4

so I have a docker image that runs a celery worker via supervisor and works just fine on single-docker Elastic Beanstalk (pretty long tasks, so acks late = true, concurrency = 1 and prefetch multiplier = 1).

The trouble is I would like to scale instances depending on the effective task load of the workers, while EB only allows overall network and CPU load.

Adding a rule to scale up on CPU load works ok, but I have no guarantee that EB wouldn't decide to scale down whilst in the middle of a task. That would trigger a docker stop and effectively kill any running celery that is not able to complete quite shortly (10s if I'm not mistaken).

Ideally I would need a monitor based on both CPU activity and tasks in the queue, in pseudo code something like:

while check interval has passed if task queue is empty (or workers are not busy) if running instances is greater than 1 scale down 1 instance else if CPU load is higher than threshold scale up 1 instance

now the problem is that this level of logic doesn't seem achievable in EB, more likely to run on ECS but I am not sure of the following:

  • what kind of celery monitor should we implement and where should the code run? e.g. the usual celery worker monitor commands don't seem to be a good solution to monitor how busy a worker is and we need to handle the additional complexity of running a worker in docker
  • where should the cluster scaling function run? after a chat with an AWS engineer, seems that AWS Lambda could be a potential solution but hooking cluster instances load reports to lambda snippets seems quite complicated and hard to maintain
  • as a bonus question, in case we need to migrate to ECS, we will also need to rewrite our deploy scripts to manually trigger a version swap, as this is currently managed by EB. what would be the best way to do so?

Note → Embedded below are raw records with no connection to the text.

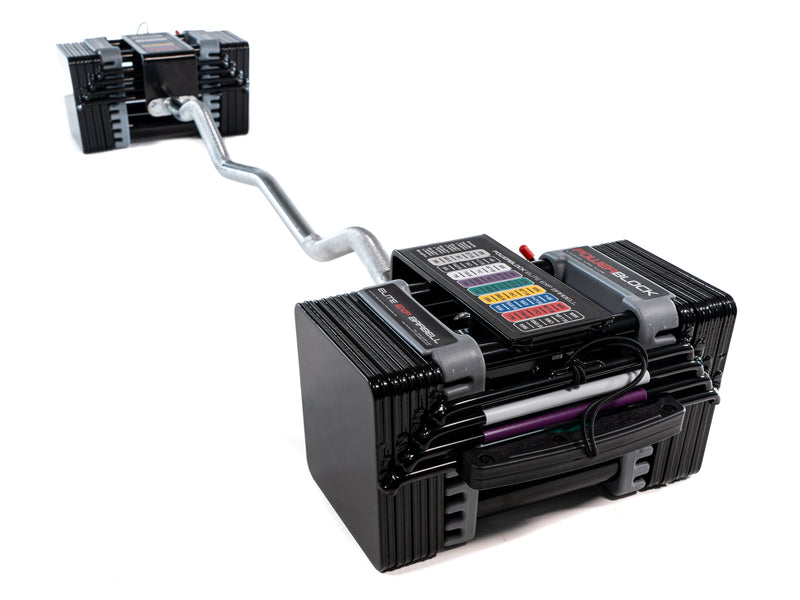 Load image into Gallery viewer, PowerBlock - Elite Exp Ez Curl Bar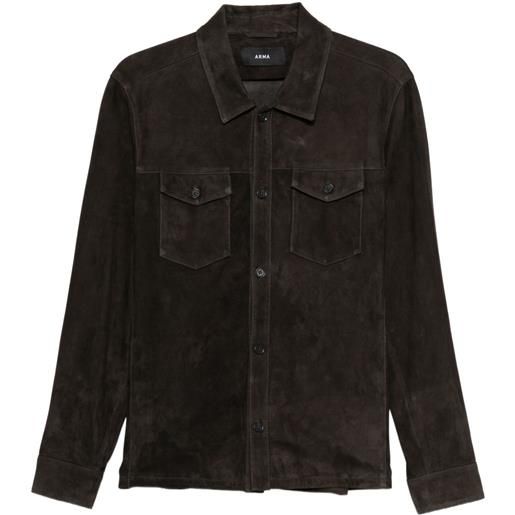Arma camicia - marrone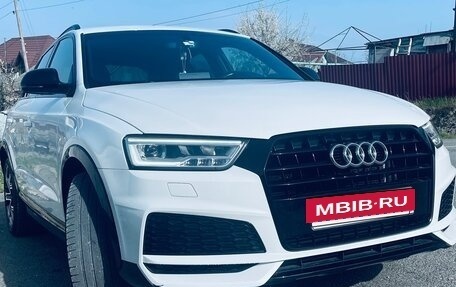 Audi Q3, 2018 год, 2 150 000 рублей, 17 фотография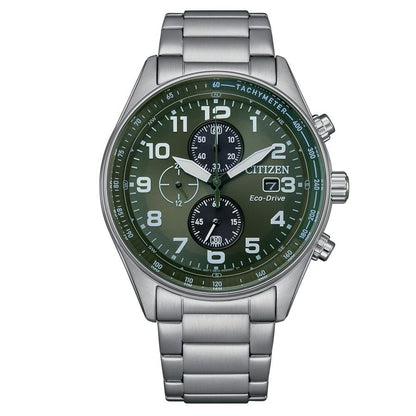 Citizen Gray Stainless Steel Sport Watch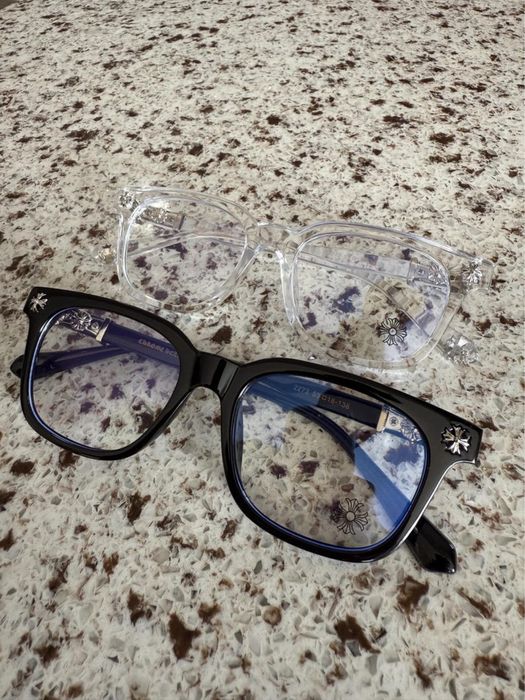 Очки chrome hearts Archive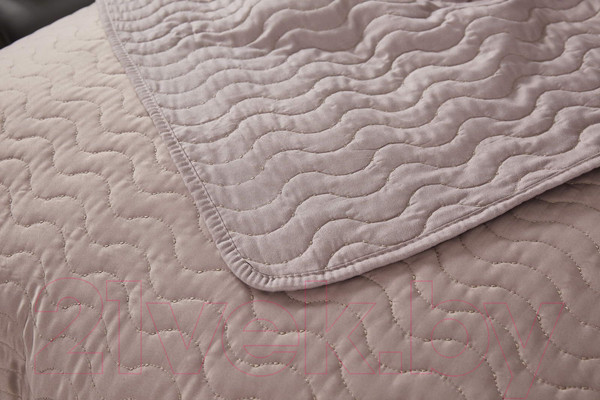 Изображение товара Набор текстиля для спальни Sofi de Marko Саванна 160х220 / Пок-Сн-К-160х220 (кофейный)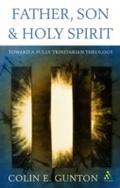 Cover: Father, Son and Holy Spirit - T.& T.Clark Ltd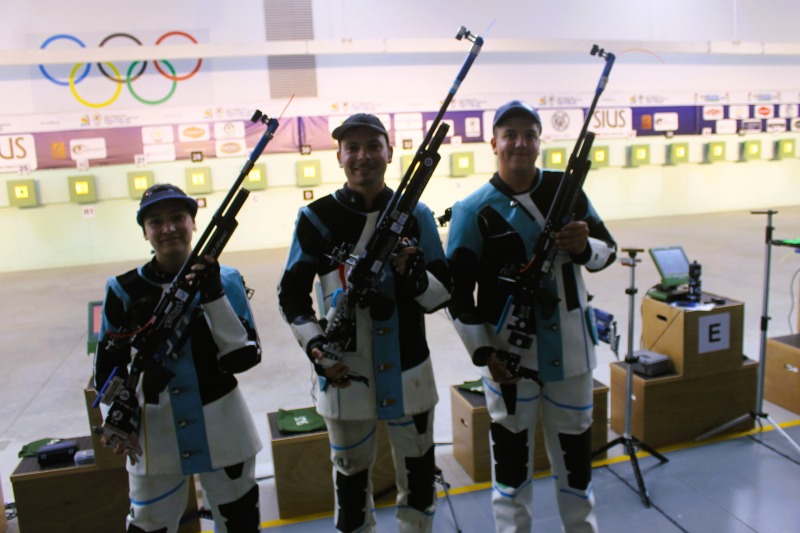 Lola Snchez se destac en el Campeonato Nacional de tiro
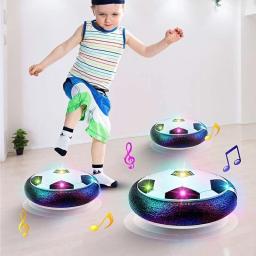 Indoor e Outdoor Hover Soccer Ball Brinquedos para crianças, LED Flashing Football Toy, Bolas esportivas infantis interativas, Presentes para meninos - Image 6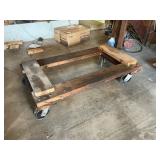 Homemade Movers Dolly
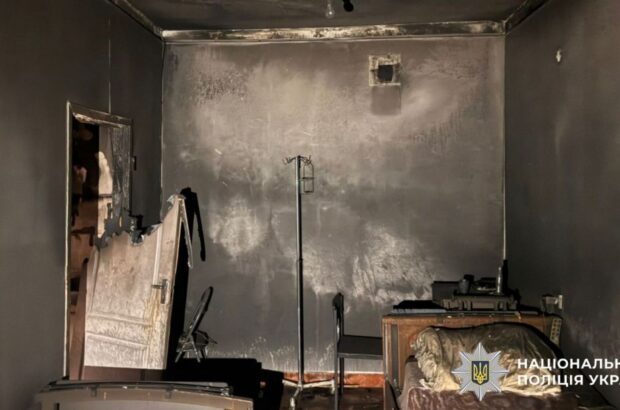 Пожар в ужгородской больнице 2025 года: что известно о гибели пациента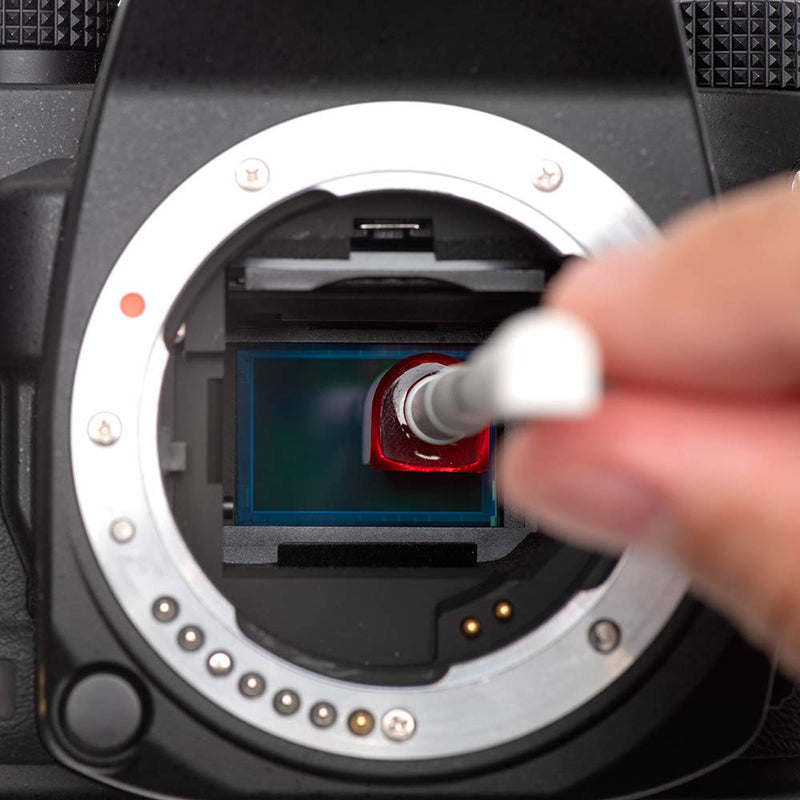 [AUSTRALIA] - Pentax Sensor Cleaning Kit O-Ick1: Professional Sensor(Ccd/CMOS) Cleaning for Digital Slr Cameras, Mirrorless Cameras and Lenses Easy to Use with Urethane Resin Stick and Cleaning Sheets Made in JAPAN 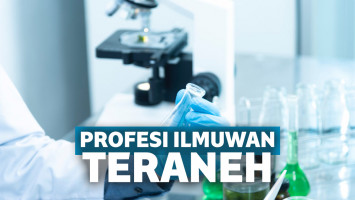 profesi ilmuwan teraneh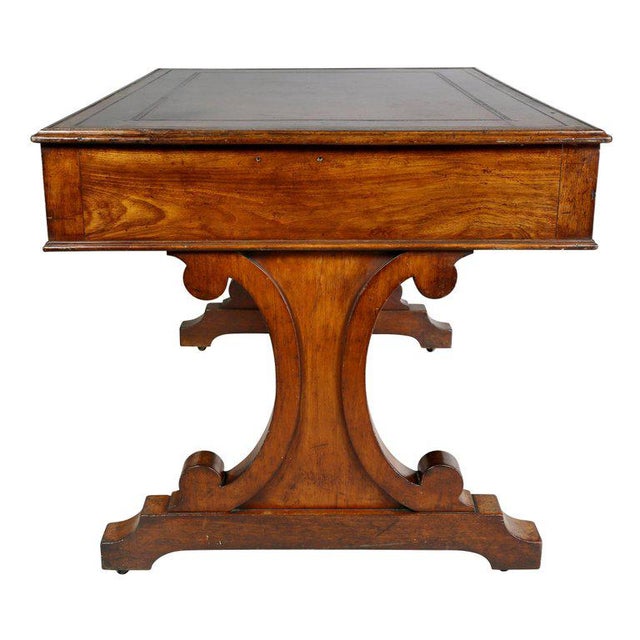 Brown William IV Mahogany Writing Table For Sale - Image 8 of 12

any help appreciated, thanks!

gru
  • 4,573
  • 1
  • 22
  • 22

1 Answers1

5

You can take advantage of AWS elastic beanstalk service where you just need to provide docker image. It also comes with the dashboard where you can provide your environment variable or scale your application/worker based on CPU/requests/memory etc.

You already made docker image of your celery worker. So, instead of scaling on CPU or memory. You can scale your instance based on a number of tasks in the queue. You can put scaling constraint yourself.

following are different ways you can count celery tasks inside the queue. Pick up your option to put a watch on the task queue.

Using pika:

import pika

pika_conn_params = pika.ConnectionParameters(
    host='localhost', port=5672,
    credentials=pika.credentials.PlainCredentials('guest', 'guest'),
)
connection = pika.BlockingConnection(pika_conn_params)
channel = connection.channel()
queue = channel.queue_declare(
    queue="your_queue", durable=True,
    exclusive=False, auto_delete=False
)

print(queue.method.message_count)

Using PyRabbit:

from pyrabbit.api import Client
cl = Client('localhost:55672', 'guest', 'guest')
cl.get_messages('example_vhost', 'example_queue')[0]['message_count']

Using HTTP

Syntax:

curl -i -u user:password http://localhost:15672/api/queues/vhost/queue

Example:

curl -i -u guest:guest http://localhost:15672/api/queues/%2f/celery 

Note: Default vhost is / which needs to be escaped as %2f

Using CLI:

$ sudo rabbitmqctl list_queues | grep 'my_queue'

Now, Based on the option you choose(CLI or Python), you can apply following solution to scale your celery worker. The common thing between the two logic is both need to run continuously.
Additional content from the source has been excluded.